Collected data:
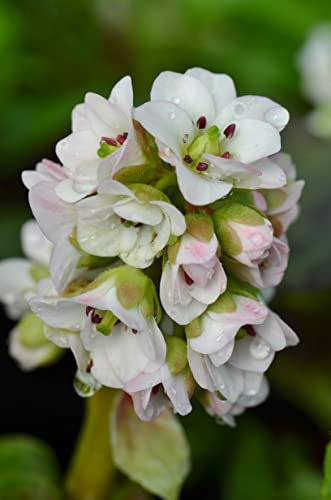 Bergenia 'Diamond Drops'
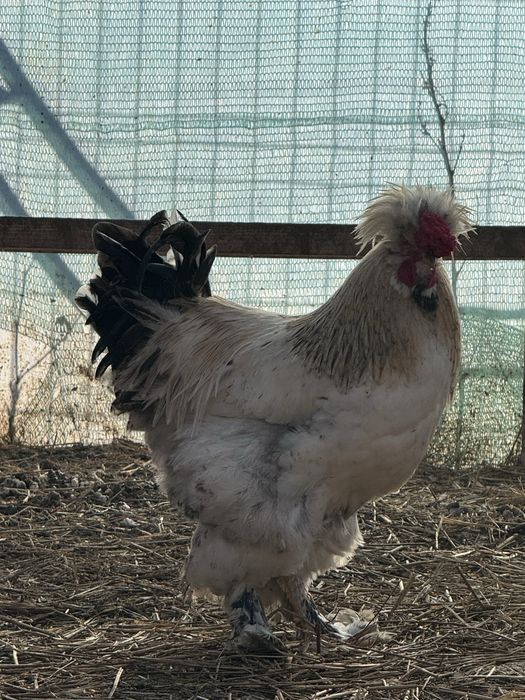 Cocos motat, barbos si pintenat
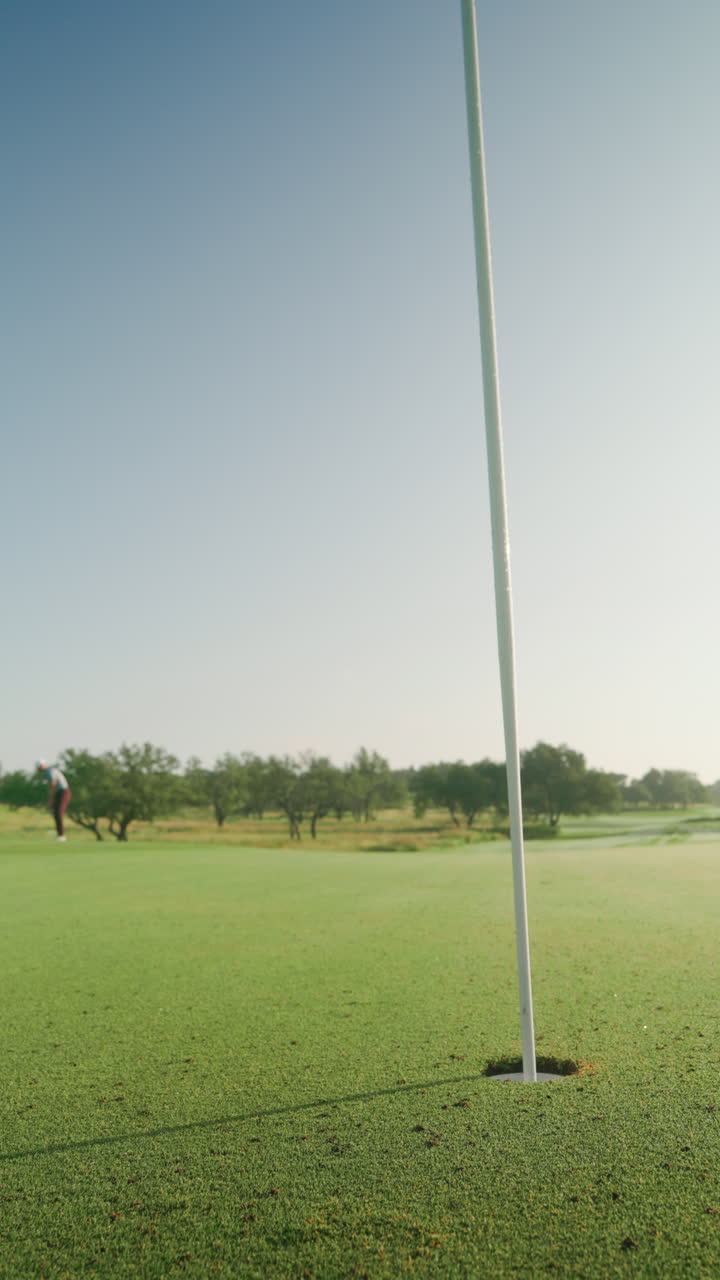 Vertical close-up from green beside flagstick as golfer chips ball onto green and it bounces into the hole. Highlights precision and short game skill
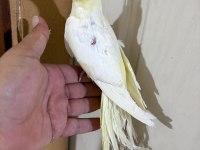 56 GÜNLÜK KUSURSUZ LUTİNO SULTAN BEBEK
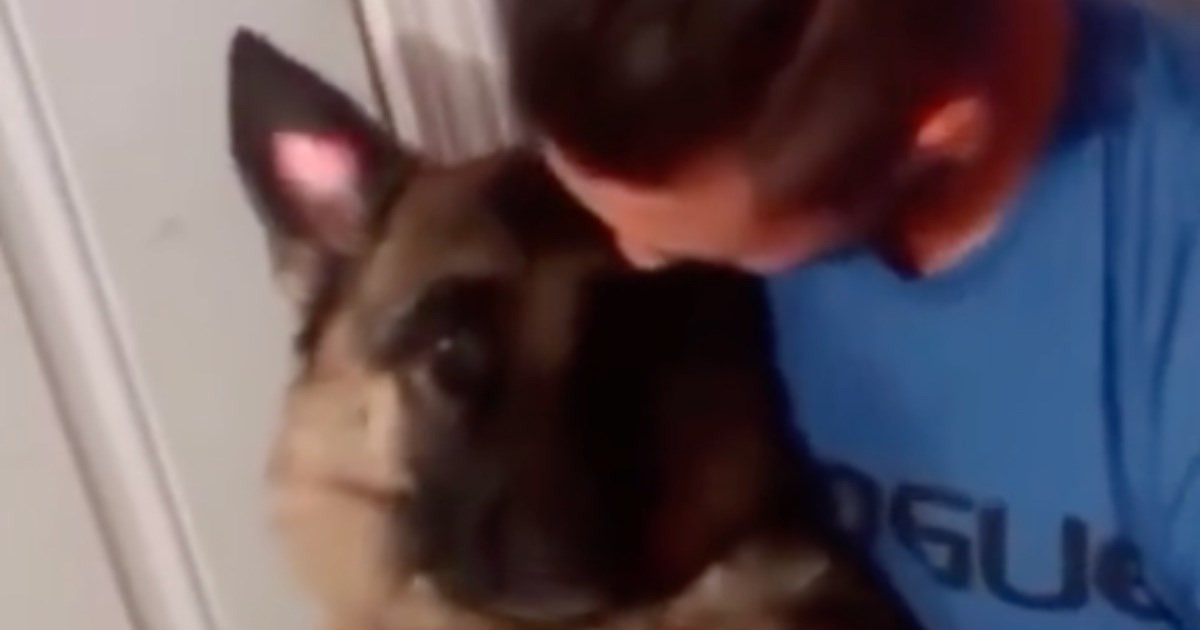 Vlasnik tješio veliku njemačku ovčarku, njezina reakcija na kraju je najslađa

#### EXERCISE DIRECTIONS:
Copy the final stretch of lines, starting at the one that holds "Cocos motat, barbos si pintenat" and ending at the last line of the data, exactly; omit pictures.

#### RESPONSE TO THIS TASK:
 Cocos motat, barbos si pintenat
 Vertical close-up from green beside flagstick as golfer chips ball onto green and it bounces into the hole. Highlights precision and short game skill
 56 GÜNLÜK KUSURSUZ LUTİNO SULTAN BEBEK
 Vlasnik tješio veliku njemačku ovčarku, njezina reakcija na kraju je najslađa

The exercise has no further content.